Todays Health Article

December 10th, 2011

Today young children, and even very young children (3 to 5), are struggling with obesity.  The fact is that it is not only becoming apparent but it is alarming, that over one third of our youth today are obese. According to the facts!

Childhood Obesity Facts

  • Childhood obesity has more than tripled in the past 30 years.
  • The percentage of children aged 6–11 years in the United States who were obese increased from 7% in 1980 to nearly 20% in 2008. Similarly, the percentage of adolescents aged 12–19 years who were obese increased from 5% to 18% over the same period.
  • In 2008, more than one third of children and adolescents were overweight or obese.
  • Overweight is defined as having excess body weight for a particular height from fat, muscle, bone, water, or a combination of these factors.3 Obesity is defined as having excess body fat.
  • Overweight and obesity are the result of “caloric imbalance”—too few calories expended for the amount of calories consumed—and are affected by various genetic, behavioral, and environmental factors.

Obesity, to become Controversial

Has obesity become controversial for those same children’s parents. The question is where responsibility begins and ends today. There are those who feel that it begins with their parents, others feel education needs be  improved and the food choices there, as well. More recently others have taken it upon themselves to either advocate, or issue changes, or direct actions to be taken for our children’s obesity. Perhaps their concern,  has now  brought on some influence of these present actions.

Government Actions

The  government agencies and our Health Dogs, have for several years, been sharing reports of the alarming facts about our children’s obesity, yet awareness is always present, just look around you. The parents of these children, of which these programs target upon, need not be told of their children’s obesity, but the need for understanding, help, and education about healthy food choices and exercise.  For some, medical attention is needed and nutrition understood.

For the  most part, their reasons are that they can have  influence  on others and are being informative, but taking no responsibility for our youths obesity.

Our Educational System

Parents perhaps believe that their children,who spend a good share of their young life at school, pick up many of their eating habits away from home. Yet the argument may be that they have already established their eating habits before they started school. If that were to be true. which i am inclined to agree, the influence of the eating habits here, is there is no one to tell them NO!  Also the access to processed foods, fatty foods, and soft drinks are readily available, within their grasp. Since schools are a large market for such foods, little has been done to encourage our youth to eat better. Are educators are proclaiming they are not babysitters, thus pointing back at parents responsibility.

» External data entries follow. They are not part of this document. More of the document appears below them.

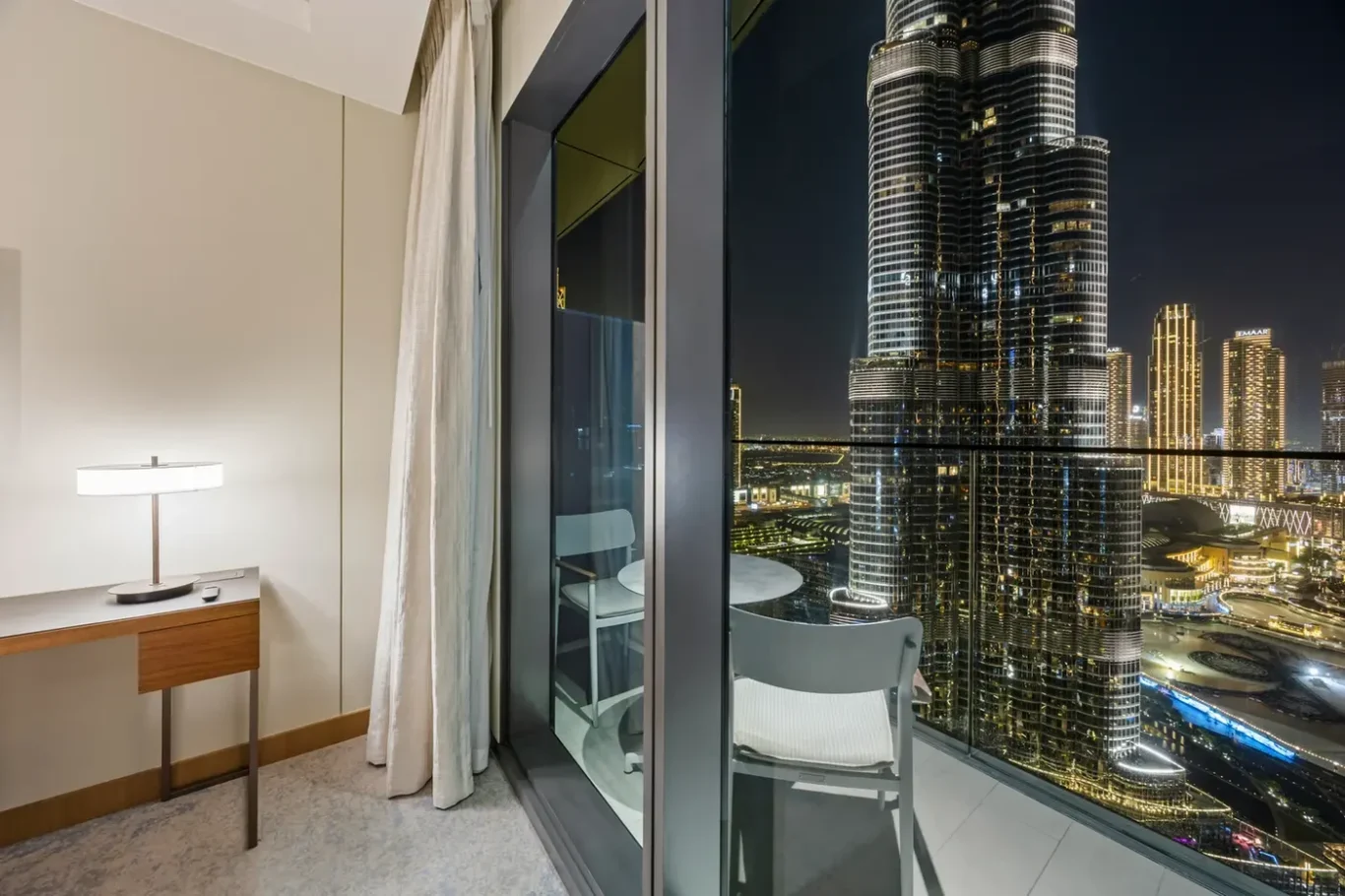 Hotel room interior at night with a desk and lamp, and a glass balcony door opening to a illuminated city skyline outside.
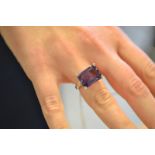 An 18ct white gold ring set with square cut amethyst with diamonds to corners, size M 1/2. CONDITION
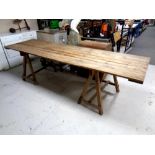 A pine trestle table length 270 cm.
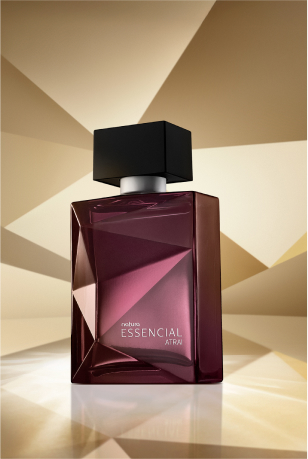 Frasco de Essencial Atrai Masculino, em tons de roxo e violeta com tampa preta, aparece em destaque em fundo dourado multifacetado, fazendo alusão ao design dos frascos de Essencial.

Marketing Campaigns in the Media

Marketing in the past decade has targeted our youth in many areas of the food and drink industry and many parents believe their children have followed their ways by this type of influence. Some parents have taken action against some of the junk food giants and basically banned the sale of  their foods or adds. (McDonald’s Happy Meals) Although they may have a good view point, McDonald’s only sell what people buy and therefore who is responsible for their children showing up at their doors?

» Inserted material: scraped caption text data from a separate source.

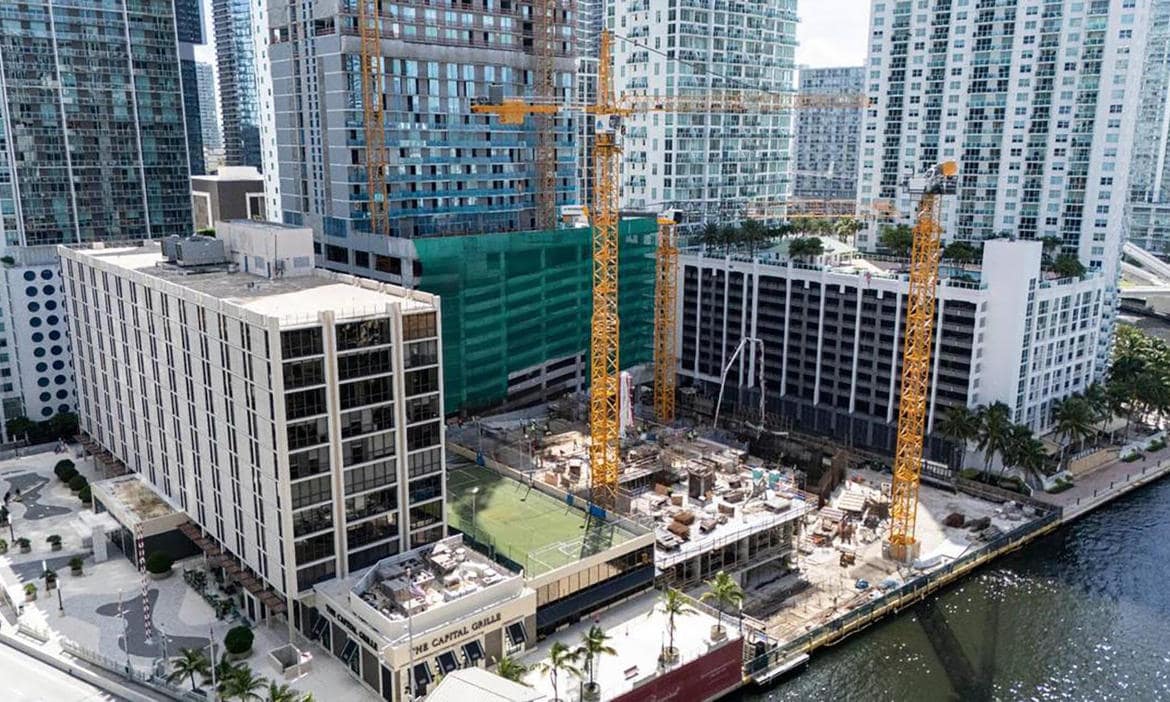 Hochhaus-Bau in Miami mit Kräne und Wasser im Vordergrund.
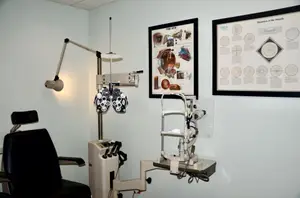 An eye examination room with two eye examination machines, a lamp, and a chair.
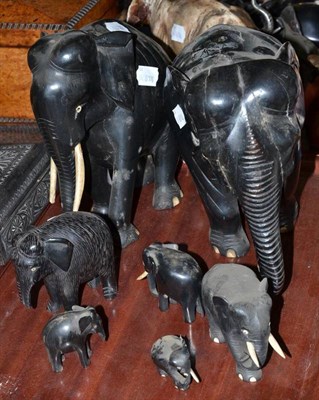 Lot 332 - An ebony model of an elephant, 24cm high; a similar model of an elephant, 24cm high; and five...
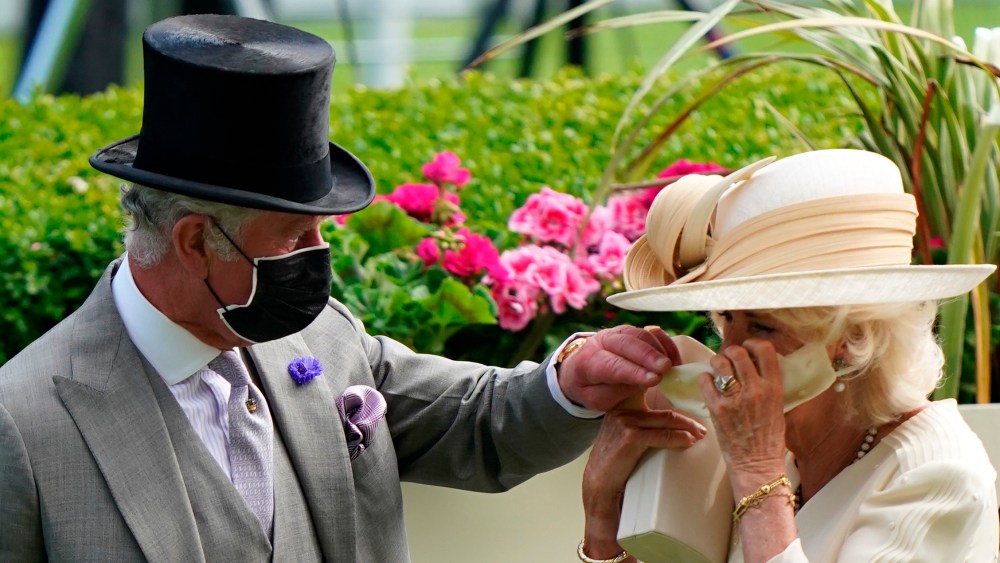 Royal Ascot 2021 - Day Two. The Prince of Wales helps the Duchess of Cornwall with her mask during day two of Royal Ascot at Ascot Racecourse. Picture date: Wednesday June 16, 2021. See PA story RACING Ascot. Photo credit should read: Andrew Matthews/PA Wire. RESTRICTIONS: Use subject to restrictions. Editorial use only, no commercial use without prior consent from rights holder. URN:60395516 (Press Association via AP Images)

OK, Parents Responsibility

The Bottom line is…

OK, is it Parents responsibility for the child’s obesity? Some recent actions might have you in a boil if you are a  good parent and you have done everything under your power to provide a healthy child and your child is still obese. Not every person that is obese, arrives that way, by eating. Many medical conditions, genetics, and medications that lead one to become obese. There are certainly unknown factors that we have no control of and so we have evaluate our set of conditions, and go from there.

However the controversy has come into play, legal, and medical, as to what brings actions now against parents for their children being over weight.

* Taking obese children from their families has become a topic of intense debate over the past year after one high-profile pediatric obesity expert made controversial comments in the Journal of the American Medical Association advocating the practice in acute cases.

* “In severe instances of childhood obesity, removal from the home may be justifiable, from a legal standpoint, because of imminent health risks and the parents’ chronic failure to address medical problems,” Dr. David Ludwig co-wrote with Lindsey Murtagh, a lawyer and researcher at Harvard’s School of Public Health.

*A Cleveland third grader who weighed more than 200 pounds was taken from his mother after officials reportedly said she did not do enough to help the boy, who suffered from a weight-related health issue, to lose weight.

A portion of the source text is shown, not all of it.